# Longtube Questions



## Ricekiller (May 2, 2006)

Have some questions for anyone who might know it. I want to get longtube headers and leave the stock exhaust in...

1) Will the longtubes bolt directly onto the stock exhaust? Or would this require a different exhaust?

2) How much of a gain in rwhp do you think these would be good for? Did you notice a difference?

3) Would this mess with the 02 sensors and set off the check engine light?

4) What are good brands and what do they cost?


Thanks!


----------



## Cadsbury (Dec 6, 2005)

Have some questions for anyone who might know it. I want to get longtube headers and leave the stock exhaust in...

1) Will the longtubes bolt directly onto the stock exhaust? Or would this require a different exhaust?

They should bolt up to your stock exhaust without any problems...

2) How much of a gain in rwhp do you think these would be good for? Did you notice a difference?

I did headers and a cat-back at the same time so I can't really tell you about the gains of just headers. I can say i did feel a lot snappier and seemed to have more throttle response

3) Would this mess with the 02 sensors and set off the check engine light?

I used SLP Headers and they came with 02 extenders; 2 for the front and 1 for the rear. The passenger side was able to be pulled back far enough.

4) What are good brands and what do they cost?

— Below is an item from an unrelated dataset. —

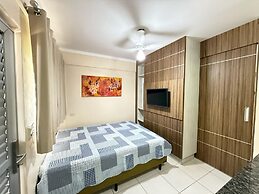 Lacqua DiRoma III Via Caldas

I looked around and talked to a bunch of people and decided on SLP, they cost about $1000.00. Second, was Kooks and third was JBA. They seened to be a little cheaper. I will say the SLP's fit very nicely, were easy to put on (though I had a lift), and have been very maintenance free.

Hope that helps...

Chris


----------



## socal gto (Mar 10, 2006)

Just for your knowledge JBA headers are shorty headers and not long tubes. If you get them you may want to get the catless midpipes so that they may be comparable to longtubes. I just installed a set of the JBA shorties this past weekend and I'll tell you I noticed a huge difference in the butt dyno. I hopefully will be going to the track on thursday and seeing if they helped my times.


----------



## anmracing (Feb 9, 2005)

I agree with Chris. SLP L/T are the way to go. We did not have a lift and the install only took a day. Bolts up perfect. We used the HI FLOW cats. No problems and a noticable difference with the way the car performs. 

Andrew


----------



## ModBoss2 (Nov 13, 2005)

socal gto said:


> Just for your knowledge JBA headers are shorty headers and not long tubes. If you get them you may want to get the catless midpipes so that they may be comparable to longtubes. I just installed a set of the JBA shorties this past weekend and I'll tell you I noticed a huge difference in the butt dyno. I hopefully will be going to the track on thursday and seeing if they helped my times.



My first choice would be to go with JBA's best shorties and hi-flo cats, but they're not cheap. 

Most seem to be going with SLP LTs, so for the price that's probably what I'll do. If I have the extra money to spend at the time I'll get the JBA system tho', for the looks and to be a little different.


----------



## svede1212 (Nov 1, 2005)

the looks i like are for someone to be looking at my rear tail lights :lol: . LTs are the way to go and catless if you don't live in a nazi state. you'll need a tune to get the full effect but LTs will give you more low down torque and that means better acceleration off the line. the growl off of LTs and your stock exhaust will make you grin.


----------



## 707GTOLS2 (Aug 31, 2005)

I'd say
Dynatech's
Kooks


----------



## ModBoss2 (Nov 13, 2005)

svede1212 said:


> the looks i like are for someone to be looking at my rear tail lights :lol: . LTs are the way to go and catless if you don't live in a nazi state. you'll need a tune to get the full effect but LTs will give you more low down torque and that means better acceleration off the line. the growl off of LTs and your stock exhaust will make you grin.


I don't have stock exhaust anymore...bought that before my first car payment was even due.  

And I'll want to go with hi-flo cats. I like the finish on JBAs best shorty. Maybe I'm waaay off in my thinking, but I just can't imagine how LTs produce just better numbers than a shorty that's installed along *with* their hi-flo mid-pipe, catted system vs. catted system.


----------



## socal gto (Mar 10, 2006)

I agree with modboss2. With the shorties and midpipes you should be getting the same numbers as the long tubes.


----------



## BuffGTO (Dec 29, 2005)

I went with Stainless Works. No complaints here. :seeya:


----------



## svede1212 (Nov 1, 2005)

socal gto said:


> I agree with modboss2. With the shorties and midpipes you should be getting the same numbers as the long tubes.


well you don't. it's a matter of length. it's just like tuning a speaker, you can't get the same sound out of a tiny box. the pressure wave travels down the tube to the collector at a certain speed and the "suction" behind that wave helps suck the next pulse down the tube. at high rpm the pressure wave doesn't take as long to get to the collector so the shorties work ok at top end. LTs are MUCH better taking off down in the lower RPM when you need that torque to fry rice.


----------



## svede1212 (Nov 1, 2005)

another thing is don't get hung up on numbers. LS1s and LS2s strength is a broad torque band. you can get a good peak number but it doesn't do much good if it's only pulling in a small RPM band.


----------